Somut uyuşmazlıkta, davacı, emekli olarak iş akdini sona erdirdiğinden, yaşlılık aylığı tahsis belgesini işverene bildirdiği tarihten itibaren faiz yürütülmelidir. Ancak dosya içeriğinde davacının bu konuda işverene yazılı başvuruda bulunduğuna dair bir belge bulunmamaktadır. Dairemizin 01.03.2019 tarihli yazısı ile de Mahkemesinden bu durum sorulmuş ve davacının emeklilik başvurusunu işverene bildirdiğine dair bir başvurusu olup olmadığı hususundaki yazılı belgelerin celbi istenilmiştir. Mahkemesince Sosyal Güvenlik Kurumuna yazılan müzekkereye verilen kurum cevabında ise “davacının 31.07.2006 tarihinde Sosyal Güvenlik Kurumu’na emeklilik talebi ile başvurduğu” bildirilmiş olmakla birlikte, davalı şirkete gönderilen müzekkerenin tebliğ edilemediği gibi dosya kapsamından da davacının bu durumu ispat edemediği; davalı şirkete emeklilik talebi sebebiyle başvuruda bulunduğu hususunda belge sunamadığı anlaşılmaktadır. Bu nedenle kıdem tazminatına yürütülecek faizin dava tarihinden itibaren başlatılması gerekirken, fesih tarihinden başlatılması hatalı olmuştur. Bu husus bozma nedeni ise de, yeniden yargılamayı gerektirmediğinden, hükmün 6100 sayılı Hukuk Muhakemeleri Kanunu"nun geçici 3. maddesi uyarınca uygulanmasına devam olunan mülga 1086 sayılı Hukuk Usulü Muhakemeleri Kanunu"nun 438/7. maddesi uyarınca kararın düzelterek onanmasına karar vermek gerekmiştir.

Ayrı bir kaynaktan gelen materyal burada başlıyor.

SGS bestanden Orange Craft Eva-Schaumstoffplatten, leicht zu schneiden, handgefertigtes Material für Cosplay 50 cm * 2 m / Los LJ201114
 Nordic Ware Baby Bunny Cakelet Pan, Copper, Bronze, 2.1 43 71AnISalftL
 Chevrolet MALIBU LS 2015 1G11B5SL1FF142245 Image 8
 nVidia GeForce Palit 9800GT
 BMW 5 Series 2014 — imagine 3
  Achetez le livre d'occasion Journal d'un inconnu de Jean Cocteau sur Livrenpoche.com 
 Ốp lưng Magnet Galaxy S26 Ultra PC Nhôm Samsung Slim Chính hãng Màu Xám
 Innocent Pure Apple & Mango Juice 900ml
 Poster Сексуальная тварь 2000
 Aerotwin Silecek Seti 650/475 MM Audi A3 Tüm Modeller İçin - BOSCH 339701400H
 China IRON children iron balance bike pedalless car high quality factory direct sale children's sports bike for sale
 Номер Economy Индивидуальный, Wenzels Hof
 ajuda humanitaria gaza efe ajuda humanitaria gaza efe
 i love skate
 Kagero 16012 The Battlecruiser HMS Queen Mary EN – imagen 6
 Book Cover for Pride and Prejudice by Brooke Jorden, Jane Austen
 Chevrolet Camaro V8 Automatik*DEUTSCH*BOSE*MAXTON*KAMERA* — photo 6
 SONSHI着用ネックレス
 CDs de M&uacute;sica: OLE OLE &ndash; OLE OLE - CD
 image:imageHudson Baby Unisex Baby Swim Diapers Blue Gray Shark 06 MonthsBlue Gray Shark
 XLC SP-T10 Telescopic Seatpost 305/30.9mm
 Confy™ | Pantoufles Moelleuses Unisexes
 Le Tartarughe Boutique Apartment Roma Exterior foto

SONUÇ: Temyiz olunan kararda hüküm fıkrasınında 1. no.lu bentte yer alan “ 5.376,50 TL kıdem tazminatının fesih tarihi olan 01/06/2006 itibariyle bankalarca mevduata uygulanan en yüksek faiz ile birlikte davalıdan alınarak davacıya verilmesine fazlaya ilişkin talebin reddine ” sözcüklerinin hükümden çıkartılmasına, hüküm fıkrasına “5.376,50 TL kıdem tazminatının dava tarihi itibariyle bankalarca mevduata uygulanan en yüksek faiz ile birlikte davalıdan alınarak davacıya verilmesine fazlaya ilişkin talebin reddine’’ sözcüklerinin eklenmesine, hükmün bu şekilde DÜZELTİLEREK ONANMASINA, peşin alınan temyiz harcının istek halinde ilgiliye iadesine, 07.05.2019 tarihinde oybirliğiyle karar verildi.